▸ AIM OF THE TASK
Could you retype exactly the line containing "ECSTASY Алзамай" and every line after it in the data below, leaving out the pictures?

Data extracted from a collection
--------------------
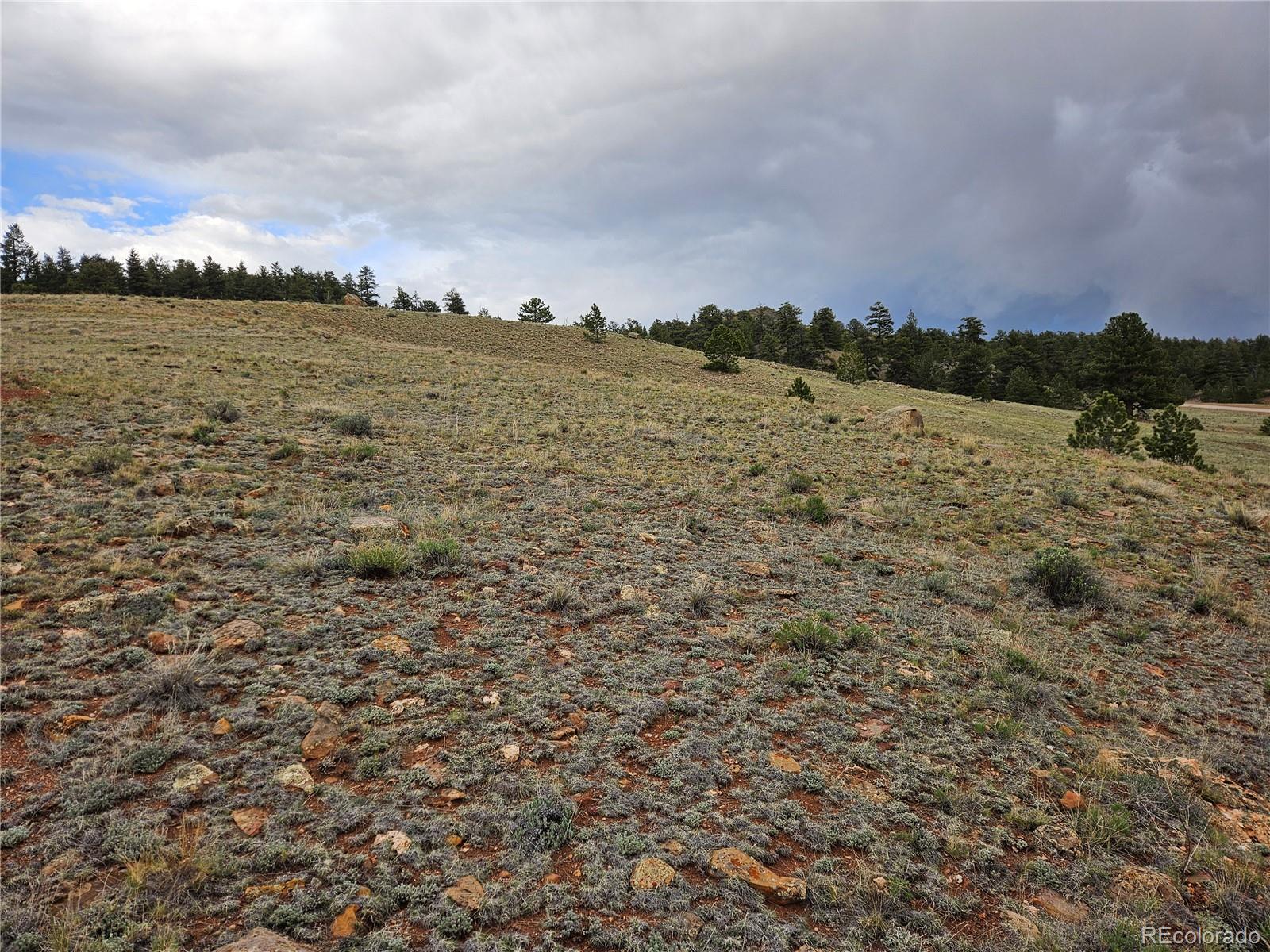 Fernando Trail Hartsel, CO 80449 - Photo 32 of 35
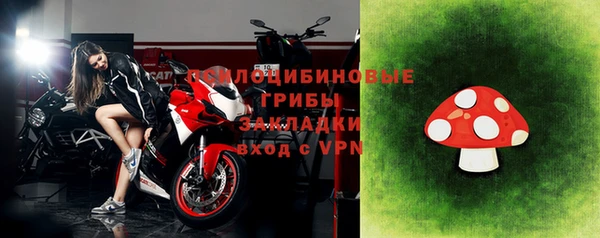 ECSTASY Алзамай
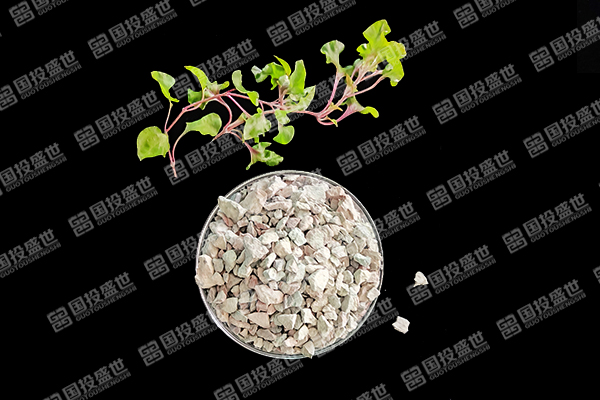沸石能否成為草莓種植的好幫手？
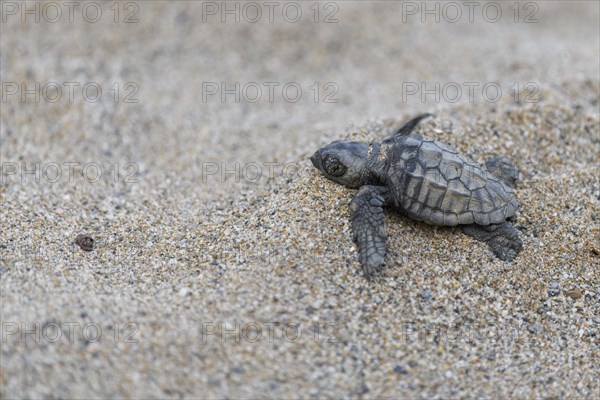 Loggerhead sea turtle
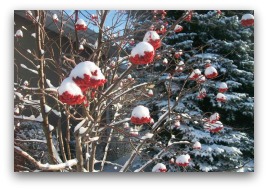 Snow covered berries on mountain ash tree.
--------------------
▸ SOLVED EXERCISE
 ECSTASY Алзамай
沸石能否成為草莓種植的好幫手？
 Loggerhead sea turtle
 Snow covered berries on mountain ash tree.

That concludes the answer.